## ACTIVITY
All of the listing should be output exactly, apart from the pictures.

## EXTRACTED MATERIAL

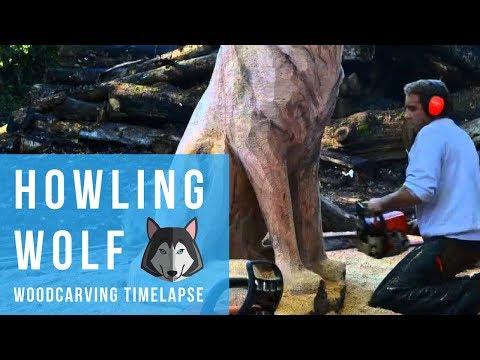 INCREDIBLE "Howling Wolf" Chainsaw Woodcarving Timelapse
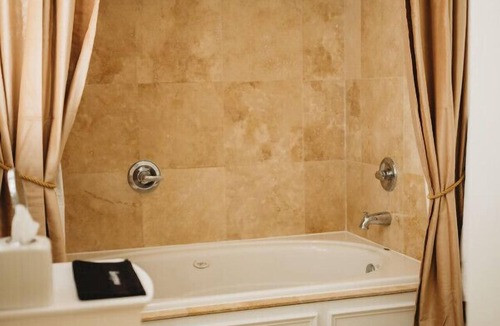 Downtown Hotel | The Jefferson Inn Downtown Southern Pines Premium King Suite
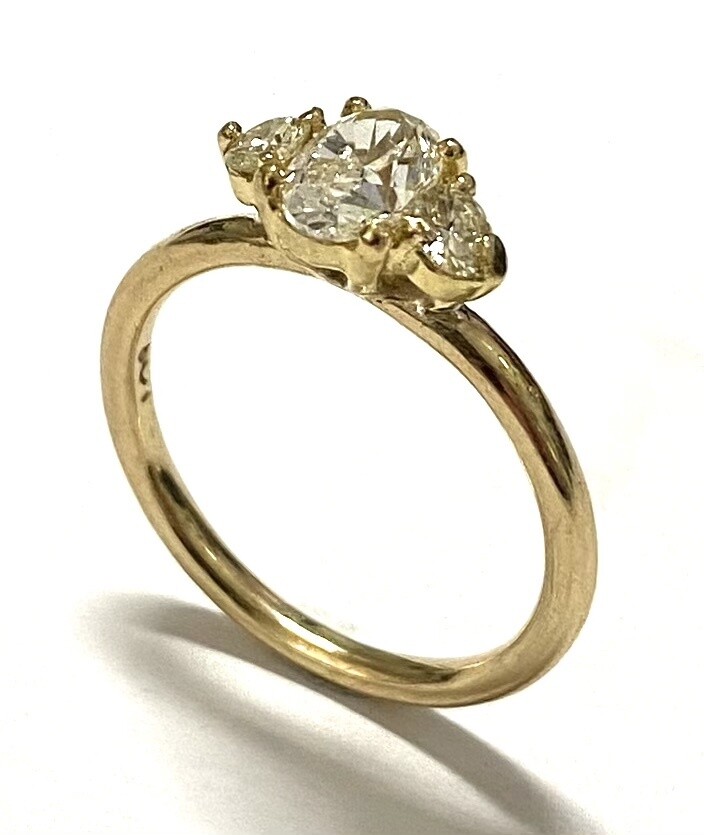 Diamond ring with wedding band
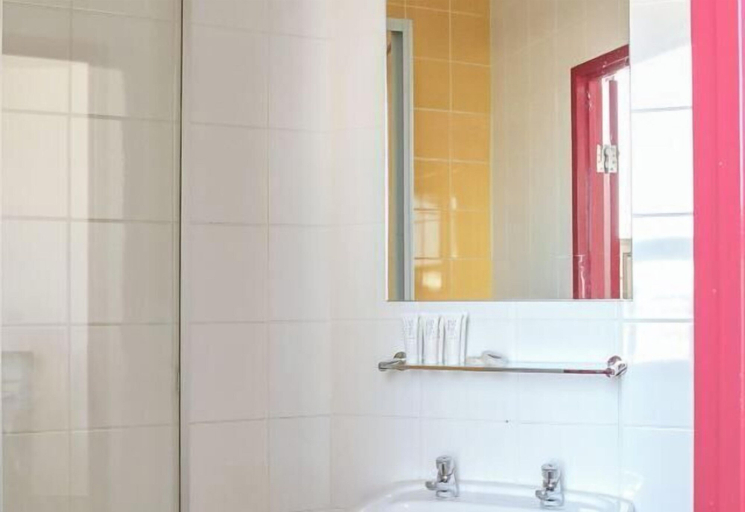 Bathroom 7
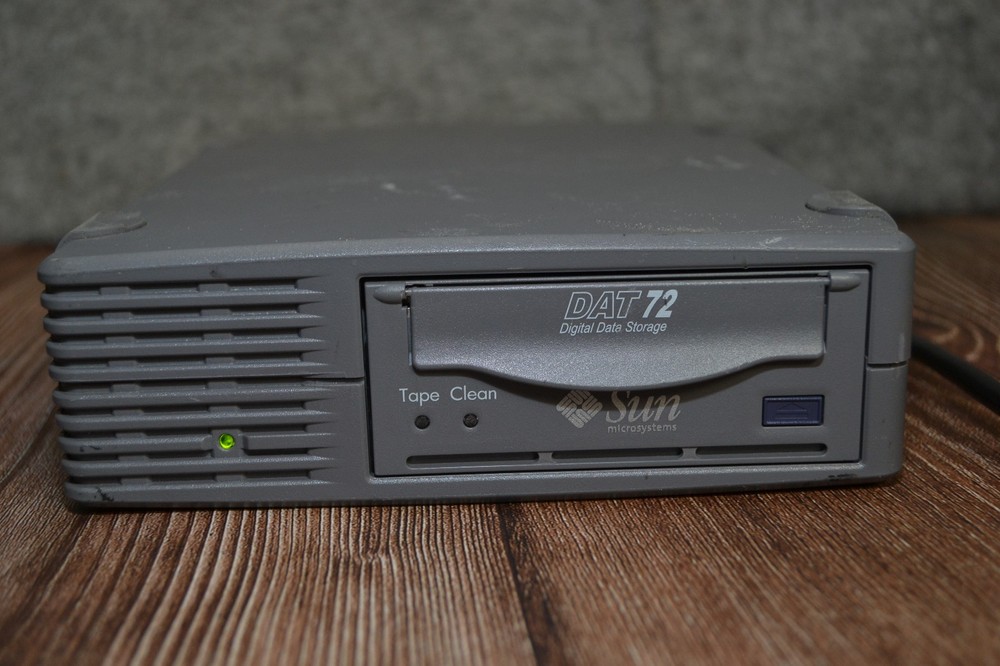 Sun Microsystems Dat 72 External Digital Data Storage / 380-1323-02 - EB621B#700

## EXERCISE ANSWER
 INCREDIBLE "Howling Wolf" Chainsaw Woodcarving Timelapse
 Downtown Hotel | The Jefferson Inn Downtown Southern Pines Premium King Suite
 Diamond ring with wedding band
 Bathroom 7
 Sun Microsystems Dat 72 External Digital Data Storage / 380-1323-02 - EB621B#700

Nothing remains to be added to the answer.